The entrances he designed for the Parisian Metro system in 1900 made Hector Guimard an icon of French design at the turn of the 20th century. Between the 1890s and 1930s, Guimard designed buildings and objects for the public and private spheres, both large and small in scale.  He is responsible for hundreds of decorative objects as well as over 50 buildings and interiors. A leading proponent of the German concept of gesamkunstwerk, his designs worked together to create harmonious spaces, from the outside in.
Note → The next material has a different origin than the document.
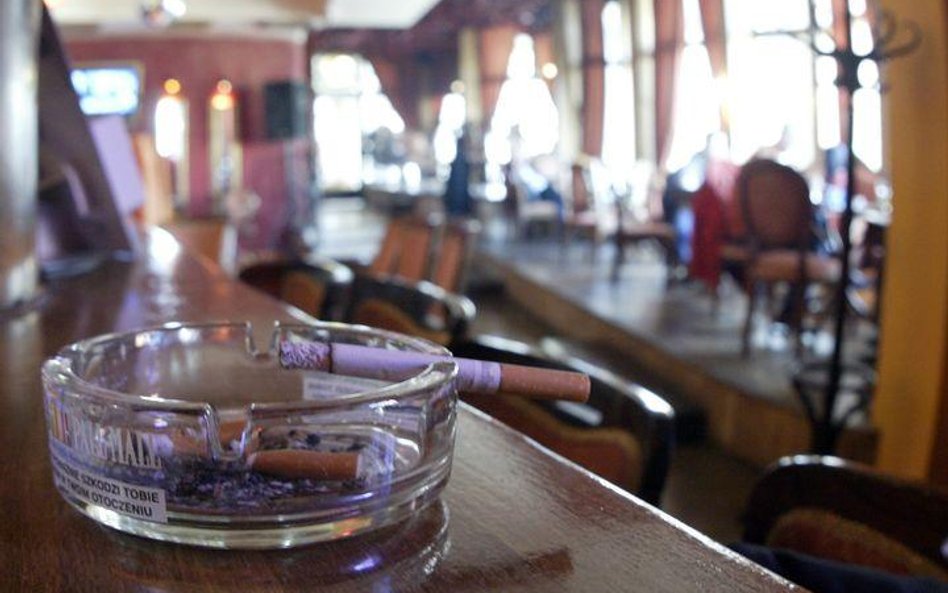 Restauratorzy przeciw zakazowi palenia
If Guimard’s clients spent their waking lives surrounded by the stylized floral and foliate swirls characteristic of his oeuvre, why not also in the afterlife?

Guimard designed several sepulchers and tombs over the course of his career  The earliest, made for the Caillat family in 1899 and located in the iconic Père Lachaise cemetery in Paris, is the most characteristic of the Art Nouveau movement: his treatment of the stone transforms the hard material into a fluid, organic form, while a stylized bronze cross seems to bear some stylistic similarities to the medallions he designed for the Metro just one year later.  A later tombstone, designed for a model French Village he exhibited at the 1925 Exposition des Arts Decoratifs in Paris, shows a marked shift in style.  Nearly a quarter of a century after the flowering of Art Nouveau, Guimard began to strip away ornament in an attempt to distinguish himself from the pack.  He referred to this new, more restrained era of his work as “le Style Guimard.”

This tombstone design seems to straddle Art Nouveau and le Style Guimard.  The form itself is clearly related to that of the 1925 Expo tombstone and a sepulcher made in 1922 for the French poet Albert Adès, with the rigidity of the arrangement only further emphasized by the barely-visible perpendicular guide-lines in pencil.  In contrast, the headstone itself is more fluid, evocative of drapery that’s been pulled back where it meets the base, and it bears the curving and curling flourishes typically found in Guimard’s earlier work.